Together we installed walls and door frames one by one, growing increasingly proud as things began to take shape.

(Our trip to Lowe's actually helped to prevent a huge problem. While there we window-shopped for bathtubs, and saw that the one we want is exactly 60 inches wide. When we arrived at the building site, we discovered that the bathroom – as we built it – was actually a fraction of an inch smaller than 60 inches. We ended up moving one of the walls a quarter-inch over so that we would not face disaster a few months down the road.)

         
We build the master bedroom closets

    
The final master bedroom closets, constructed over two days out of six separate wall sections

The second challenge for the week was the hallway. When Russell first mapped out the upstairs floor several weeks ago, he realized that if we constructed the hallway walls according to the blueprints, the center post of the house would protrude seven inches into the hallway. Through cell phone conversations with Gail, we decided to have the hallway curve around the post, and Russell mapped the walls accordingly. We would account for the curve by having various bedroom doors set at an angle to the walls.

However, when Gail came up and actually looked at this plan, she decided against it. The finished product would look too much like we had done something wrong in construction. Instead, Gail decided to move the entire hallway seven inches over, stealing the space from the boys’ bedrooms. In this way, the hallway would be perfectly straight as intended, but the center post would be hidden in the laundry room. As well, Gail decided to round the initial corner of the hallway to create a softer feel.

    
The map of the hallway, before and after Gail's revisions (note the rounded corner at the lower-right

Having the hallway situation resolved would now enable us to build the entry door frames for each of the bedrooms.

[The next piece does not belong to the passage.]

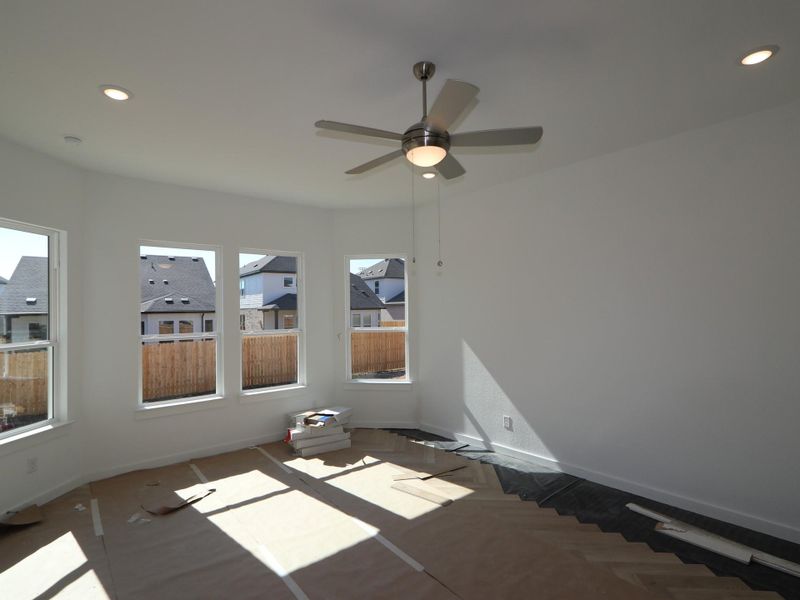Spacious, unfurnished interior of a new home in Heritage, Dripping Springs (Image 13). Spacious, unfurnished interior of a new home in Heritage, Dripping Springs (Image 13).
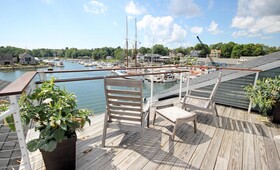 The Boathouse Waterfront Hotel and Restaurant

However, this in turn would bring us to the third challenge for the week. As our wall construction converges towards the center of the upper-story floor, we run not only into the center post but all of the knee braces that protrude from it.

Two questions emerge. First, how do we attach wooden walls to the metal center post to ensure stability? Second, how do we construct walls – and ceiling joists – around eight knee-braces that jut out at various angles?

This third challenge is the biggest of all. Russell is in charge of figuring it out.


A looming challenge: how do we construct walls and ceilings around the center pole and knee braces?